“If you had millions, you could do live events, bigger productions, long-term campaigns, etc. When you are working with small budgets, you need to use the money wisely to get the wanted effect,” says Line Prasz, Commercial Editor & Head of Politiken Native.
Because not all great native advertising craves big budgets – and not all brands are able to afford to spend big bucks on an advertising campaign.
You might think that a small budget will limit the success of the campaign, but according to Line Prasz, working with a small budget doesn’t mean you can’t make an effective and successful campaign. We asked her about the best practices for working with native advertising on a small budget.
It is all about making an impression that lasts, even though it’s not a campaign of 20 articles.
Doesn’t less money equal less success?
“No, I really do not believe that to be true. You could just as well use a million dollars on trivial content that targets a very broad audience without any real effect.
We believe that if you want to reach our target group at Politiken, we can reach them even if we do not spend a million dollars. It is all about making an impression that lasts, even though it’s not a campaign of 20 articles.
You might look at what T Brand Studio is doing and think, ‘I want to do that’. And no one says you can’t, even with a small budget. The limit would just be that you can only create one article instead of 15.”
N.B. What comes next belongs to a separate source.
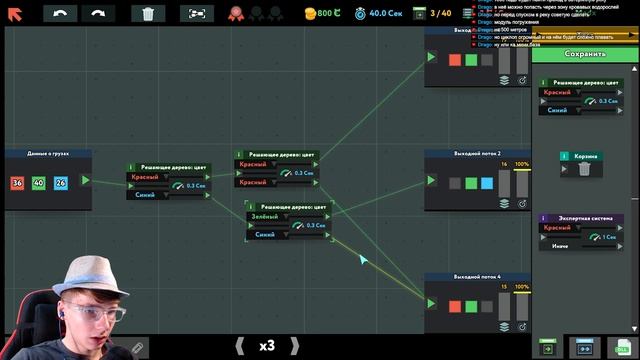 КАК ГОВОРИТЬ С КОТОМ ► While True: learn() |1| прохождение смотреть онлайн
The key is always a perfect headline with the right angle and an image that appeals to the users.
Where do you cut back to stay on budget?
“You cut back on volume. It’s no problem to create six articles instead of three, but then you have to cut down on the graphics, photos, and videos.
Text production is not that expensive, it’s everything around it that eats up the budget with video production being most expensive part of a campaign. That is why you really need to think about your exact needs when working with a small budget.
You might wish to create something really cool and expensive, but how much more value would it actually add? It might give you internal credit and potentially an award, but does it help you reach the audience? You have to really think about these things and using video with care when working on a small budget.
Then you have the graphics. It is always great to have nice infographics, but you have to remember that the users can’t see the infographics on your front page. Therefore, the key is always a perfect headline with the right angle and an image that appeals to the users. Otherwise, the users will never click to see that cool infographic, you created.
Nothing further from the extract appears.